EXERCISE AIM -> Complete, exact copies of all entries are needed.

EXERCISE INPUTS ->
# # # #

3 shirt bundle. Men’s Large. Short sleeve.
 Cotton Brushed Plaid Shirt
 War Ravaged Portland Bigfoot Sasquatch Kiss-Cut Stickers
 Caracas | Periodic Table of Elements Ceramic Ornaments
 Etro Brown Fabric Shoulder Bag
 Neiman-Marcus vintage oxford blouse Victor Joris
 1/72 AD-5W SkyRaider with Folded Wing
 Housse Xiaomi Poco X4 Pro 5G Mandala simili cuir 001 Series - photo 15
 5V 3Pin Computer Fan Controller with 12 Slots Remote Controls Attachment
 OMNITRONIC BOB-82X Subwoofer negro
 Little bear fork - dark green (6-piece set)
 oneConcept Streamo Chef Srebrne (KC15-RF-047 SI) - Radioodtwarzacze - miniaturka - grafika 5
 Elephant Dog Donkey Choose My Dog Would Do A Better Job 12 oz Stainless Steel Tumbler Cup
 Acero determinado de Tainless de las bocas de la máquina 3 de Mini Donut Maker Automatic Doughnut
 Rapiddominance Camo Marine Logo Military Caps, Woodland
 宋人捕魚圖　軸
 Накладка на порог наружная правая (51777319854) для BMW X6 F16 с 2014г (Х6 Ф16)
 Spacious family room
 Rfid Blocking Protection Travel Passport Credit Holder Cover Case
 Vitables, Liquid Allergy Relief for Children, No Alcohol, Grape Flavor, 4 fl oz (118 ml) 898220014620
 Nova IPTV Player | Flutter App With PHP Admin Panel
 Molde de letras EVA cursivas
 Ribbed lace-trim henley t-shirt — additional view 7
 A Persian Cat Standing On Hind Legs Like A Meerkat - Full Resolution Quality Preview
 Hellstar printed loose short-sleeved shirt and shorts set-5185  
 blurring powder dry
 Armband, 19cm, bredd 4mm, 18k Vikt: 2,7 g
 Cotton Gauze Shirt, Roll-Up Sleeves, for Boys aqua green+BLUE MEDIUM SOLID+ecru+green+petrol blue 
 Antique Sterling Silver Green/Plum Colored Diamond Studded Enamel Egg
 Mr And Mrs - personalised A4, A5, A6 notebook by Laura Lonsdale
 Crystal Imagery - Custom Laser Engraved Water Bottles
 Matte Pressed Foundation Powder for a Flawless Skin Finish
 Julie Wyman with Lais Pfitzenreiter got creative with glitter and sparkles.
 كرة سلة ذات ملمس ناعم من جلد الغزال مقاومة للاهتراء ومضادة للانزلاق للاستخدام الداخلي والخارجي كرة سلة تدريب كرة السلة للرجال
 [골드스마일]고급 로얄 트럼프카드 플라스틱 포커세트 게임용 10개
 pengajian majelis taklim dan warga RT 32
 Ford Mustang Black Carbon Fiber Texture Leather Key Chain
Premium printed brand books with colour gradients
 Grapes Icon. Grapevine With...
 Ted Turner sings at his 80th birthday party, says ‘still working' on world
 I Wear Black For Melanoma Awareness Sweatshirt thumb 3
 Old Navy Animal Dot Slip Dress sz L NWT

# # # #

YOUR RESPONSE ->
3 shirt bundle. Men’s Large. Short sleeve.
 Cotton Brushed Plaid Shirt
 War Ravaged Portland Bigfoot Sasquatch Kiss-Cut Stickers
 Caracas | Periodic Table of Elements Ceramic Ornaments
 Etro Brown Fabric Shoulder Bag
 Neiman-Marcus vintage oxford blouse Victor Joris
 1/72 AD-5W SkyRaider with Folded Wing
 Housse Xiaomi Poco X4 Pro 5G Mandala simili cuir 001 Series - photo 15
 5V 3Pin Computer Fan Controller with 12 Slots Remote Controls Attachment
 OMNITRONIC BOB-82X Subwoofer negro
 Little bear fork - dark green (6-piece set)
 oneConcept Streamo Chef Srebrne (KC15-RF-047 SI) - Radioodtwarzacze - miniaturka - grafika 5
 Elephant Dog Donkey Choose My Dog Would Do A Better Job 12 oz Stainless Steel Tumbler Cup
 Acero determinado de Tainless de las bocas de la máquina 3 de Mini Donut Maker Automatic Doughnut
 Rapiddominance Camo Marine Logo Military Caps, Woodland
 宋人捕魚圖　軸
 Накладка на порог наружная правая (51777319854) для BMW X6 F16 с 2014г (Х6 Ф16)
 Spacious family room
 Rfid Blocking Protection Travel Passport Credit Holder Cover Case
 Vitables, Liquid Allergy Relief for Children, No Alcohol, Grape Flavor, 4 fl oz (118 ml) 898220014620
 Nova IPTV Player | Flutter App With PHP Admin Panel
 Molde de letras EVA cursivas
 Ribbed lace-trim henley t-shirt — additional view 7
 A Persian Cat Standing On Hind Legs Like A Meerkat - Full Resolution Quality Preview
 Hellstar printed loose short-sleeved shirt and shorts set-5185  
 blurring powder dry
 Armband, 19cm, bredd 4mm, 18k Vikt: 2,7 g
 Cotton Gauze Shirt, Roll-Up Sleeves, for Boys aqua green+BLUE MEDIUM SOLID+ecru+green+petrol blue 
 Antique Sterling Silver Green/Plum Colored Diamond Studded Enamel Egg
 Mr And Mrs - personalised A4, A5, A6 notebook by Laura Lonsdale
 Crystal Imagery - Custom Laser Engraved Water Bottles
 Matte Pressed Foundation Powder for a Flawless Skin Finish
 Julie Wyman with Lais Pfitzenreiter got creative with glitter and sparkles.
 كرة سلة ذات ملمس ناعم من جلد الغزال مقاومة للاهتراء ومضادة للانزلاق للاستخدام الداخلي والخارجي كرة سلة تدريب كرة السلة للرجال
 [골드스마일]고급 로얄 트럼프카드 플라스틱 포커세트 게임용 10개
 pengajian majelis taklim dan warga RT 32
 Ford Mustang Black Carbon Fiber Texture Leather Key Chain
Premium printed brand books with colour gradients
 Grapes Icon. Grapevine With...
 Ted Turner sings at his 80th birthday party, says ‘still working' on world
 I Wear Black For Melanoma Awareness Sweatshirt thumb 3
 Old Navy Animal Dot Slip Dress sz L NWT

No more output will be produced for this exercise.